------ AVAILABLE DATA
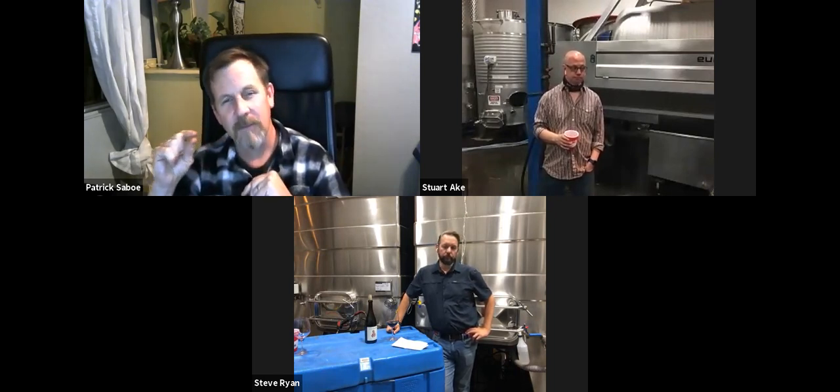Patrick adds that the primary function of the ethanol spray is to minimize fruit flies and bacteria buildup on the valves. He also notes that wine's pH is much lower than beer's, which means there are only a handful of microbes that can ruin wine, whereas there are many more that can ruin beer — giving wine a natural defensive advantage.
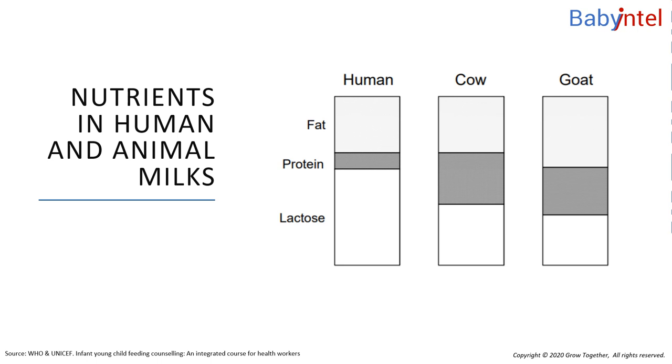In order to understand the composition of formula milk, we need to understand the differences between animal and human milk, and how animal milks need to be modified to produce formula milk. This chart compares the nutrients in breast milk with the nutrients in fresh cow's and goat milk. All the milks contain fat, which provides energy, protein for growth, and a milk sugar called lactose, which also provides energy.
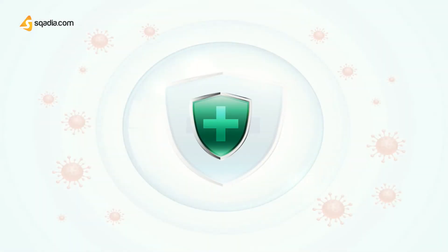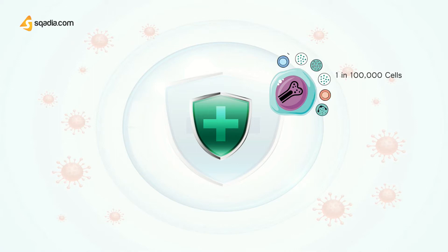Exceedingly rare stem cells, commonly called pluripotent hematopoietic stem cells or HSCs, persist in the adult bone marrow at a frequency of about 1 in 100,000 cells, and retain the ability to differentiate into all types of blood cells.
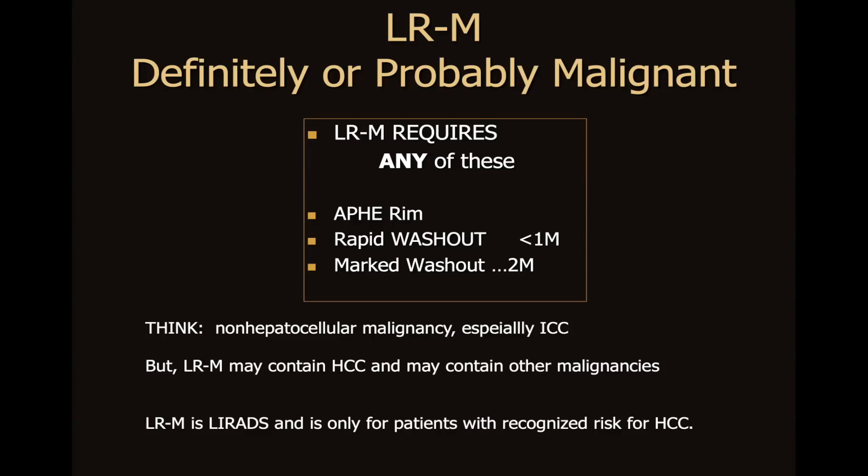LRM may contain HCC and may contain other malignancies as well. LRM is what we call these features in LIRADS, and it's only for patients with recognized risk for HCC. However, if we encounter these observations outside of the risk population, we still think of non-hepatocellular malignancy.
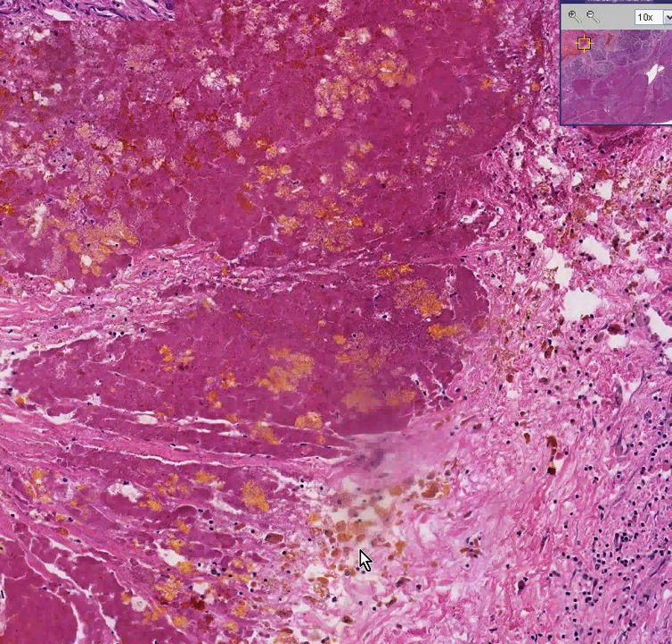And all of these cells out here — pigmented — could very easily be macrophages that have either taken up blood pigment or perhaps bile pigment, because we're in the liver.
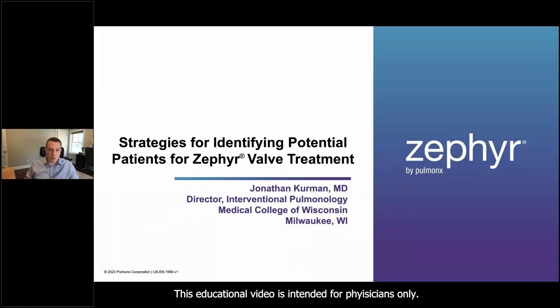Hi, everyone. Thanks for joining us today. My name is Jonathan Kerman. I'm the Director of Interventional Pulmonology at the Medical College of Wisconsin in Milwaukee, Wisconsin. Today I'm going to be talking about strategies for identifying potential patients for Zephyr valve treatment.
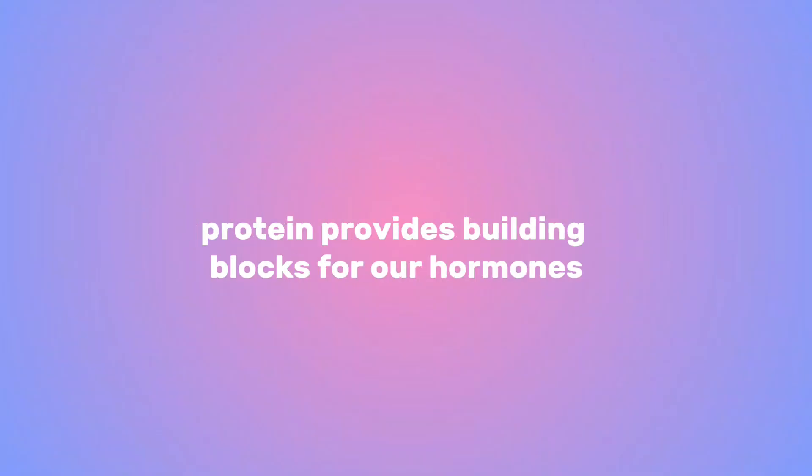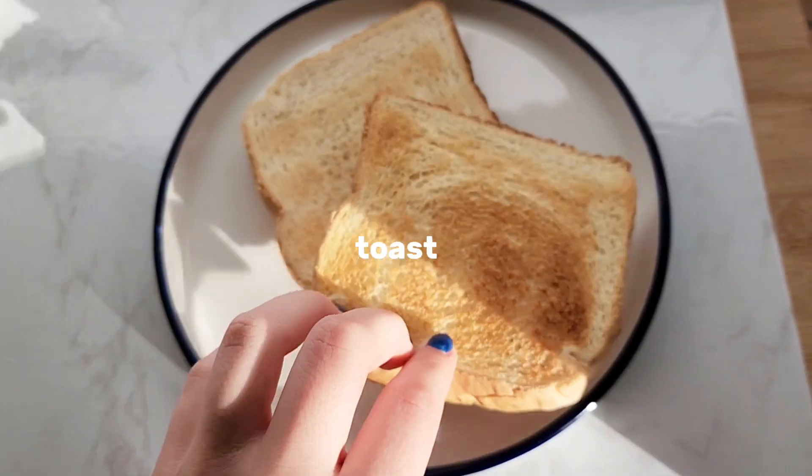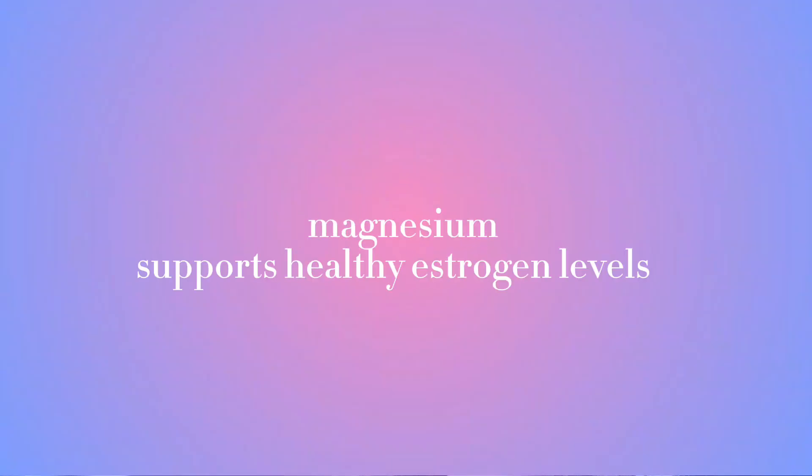I got the groceries all put away and I've been wanting a bagel, so I made a bagel with some eggs and strawberries for breakfast. We have antioxidants, protein, and I just put some butter on the bagel — this is what I've been craving and it is so good. Bananas are also high in potassium and they contain magnesium, which is great for hormone balance.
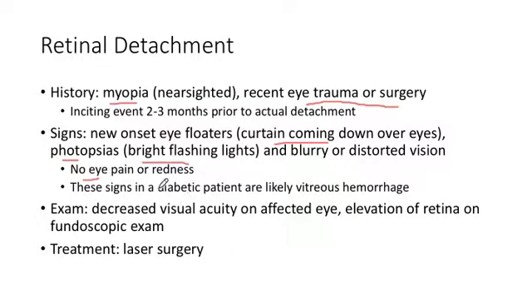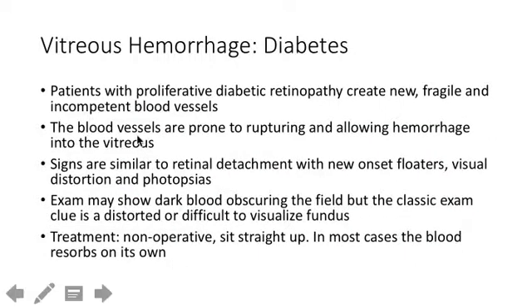One exception: if the patient has diabetes, somebody with diabetic retinopathy can have vitreous hemorrhage with the exact same symptoms as retinal detachment. Vitreous hemorrhage is mainly seen in diabetic patients. The classic exam finding is that you cannot see the fundus because blood is distorting it. It's important to distinguish vitreous hemorrhage from retinal detachment because the treatment is different — just have the patient sit upright and let the blood drain out. We're not going to give laser treatment.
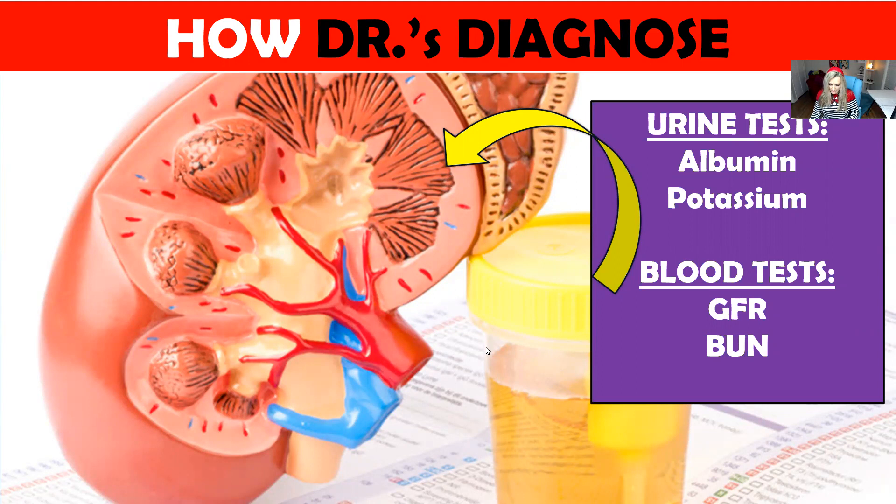The other test is the albumin test, which is a urine test. Albumin is a protein, so this test will show us how much protein you have in the urine. Then there is BUN, which is another blood test called blood urea nitrogen. This test measures the amount of nitrogen in the blood that comes from the waste product urea. Urea is made when protein is broken down in the body; it is made in the liver and passed out of the body in your urine. BUN is a test done to see how well your kidneys are working. These are the tests you want to get.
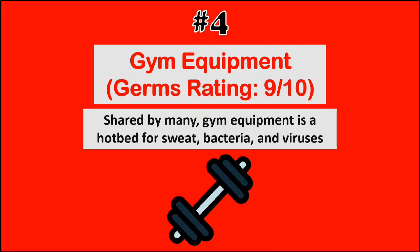At number 4, we have gym equipment. Shared by many, gym equipment is a hotbed for sweat, bacteria, and viruses.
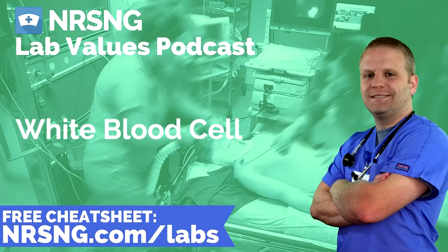White blood cells are important to understand, and while we all have a rudimentary knowledge of them, let's talk about what they are and why it's important to understand how they work in the body. The normal value for white blood cells is 4,500 to 10,000 cells per microliter — often referred to as just 4.5 to 10. White blood cells are created in the bone marrow and their primary function is to defend the body against infection.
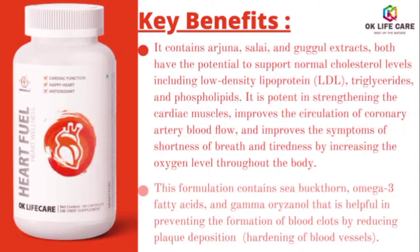These extracts support normal cholesterol levels including low-density lipoprotein (LDL), triglycerides, and phospholipids. The formulation is potent in strengthening the cardiac muscles, improves the circulation of coronary artery blood flow, and improves the symptoms of shortness of breath and tiredness by increasing the oxygen level throughout the body.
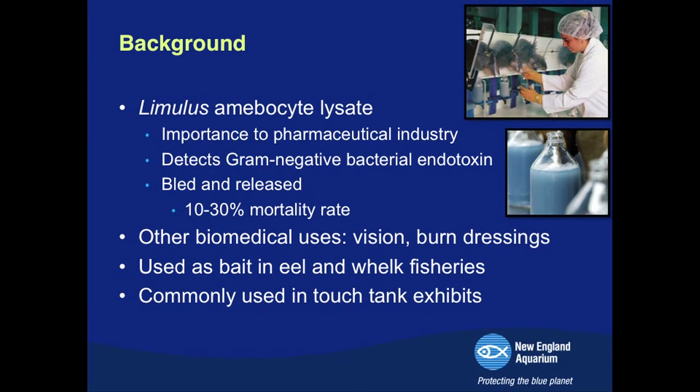Blood in invertebrates is called hemolymph. There's an extract from the horseshoe crab blood called Limulus Amebocyte Lysate, or LAL. The amebocyte is the sole cell type in horseshoe crab blood — their only hemocyte or blood cell. This extract is critically important to the biomedical and pharmaceutical industry because it has a very sensitive ability to detect gram-negative bacterial endotoxins — a type of common bacteria that's everywhere and can make people very sick.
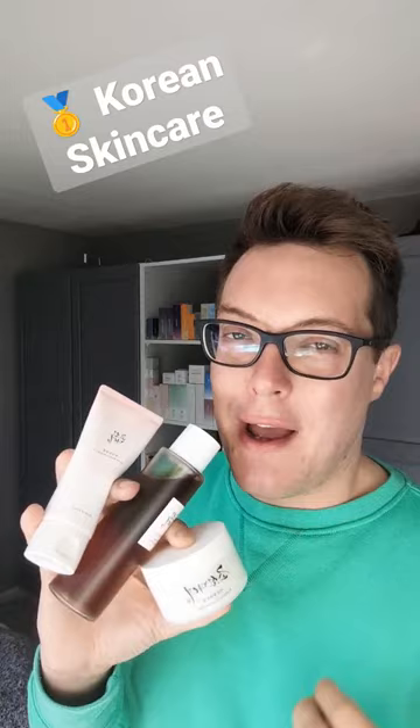We've also got here the Radiance Cleansing Balm — it feels bougie, feels luxurious, and takes everything off the skin. Such a great option. We've then got the Ginseng Water Essence, a great hydrating toner, and this is the Peeling Gel — a differently formulated exfoliator that's super gentle but definitely helps to remove dead skin cells.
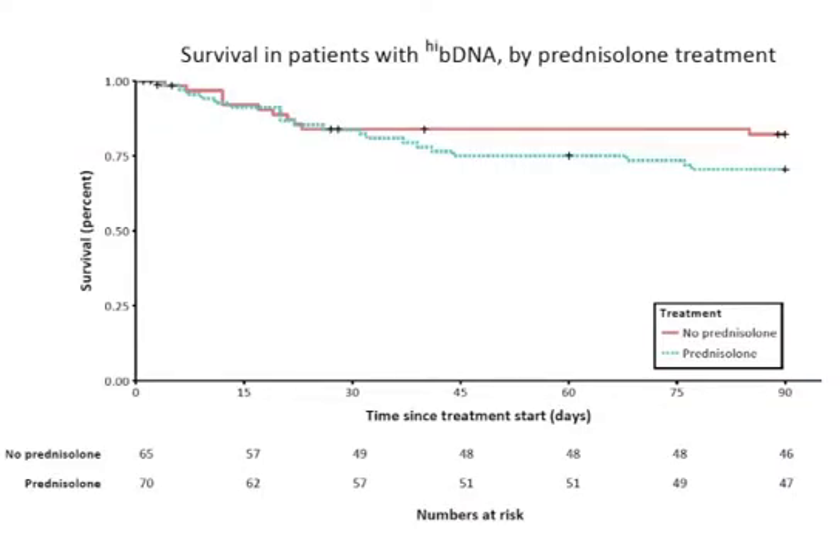Finally, we modeled the impact of using bacterial DNA results to decide who would and who would not benefit from prednisolone therapy. Survival curves suggest that withholding prednisolone from patients with elevated bacterial DNA might be associated with improved survival at 90 days.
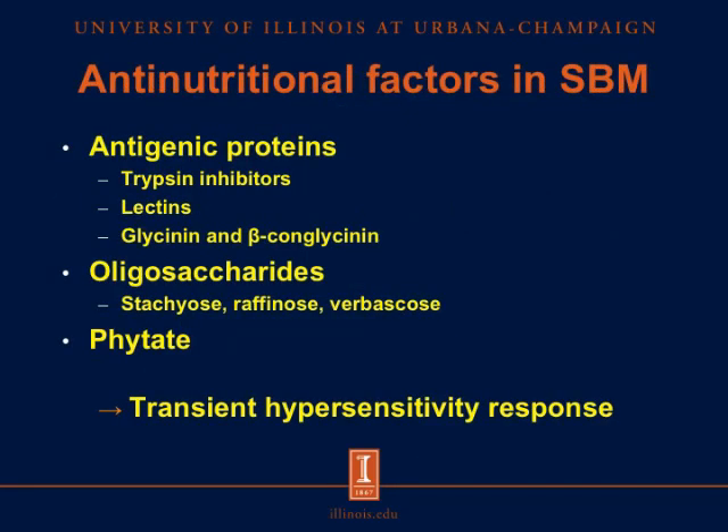There are several anti-nutritional factors found in soybean meal. These include antigenic proteins such as trypsin inhibitors and lectins, but we are no longer concerned about these because they are usually found in low levels in the resulting meal due to heat treatment. We also have glycinin and beta-conglycinin, as well as oligosaccharides — stachyose, raffinose, and verbascose — and some levels of phytate. These antigenic proteins trigger a transient hypersensitivity response in young pigs that hinders the absorptive ability of the small intestine, thus limiting the inclusion rate of soybean meal in diets fed to young pigs.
------------
> _TRY IT_
Starting at the line above that holds "At number 4, we", repeat every line exactly down to and including the line that holds "White blood cells are important", then stop. Do not carry over any pictures.

> _SOLUTION_
At number 4, we have gym equipment. Shared by many, gym equipment is a hotbed for sweat, bacteria, and viruses.
White blood cells are important to understand, and while we all have a rudimentary knowledge of them, let's talk about what they are and why it's important to understand how they work in the body. The normal value for white blood cells is 4,500 to 10,000 cells per microliter — often referred to as just 4.5 to 10. White blood cells are created in the bone marrow and their primary function is to defend the body against infection.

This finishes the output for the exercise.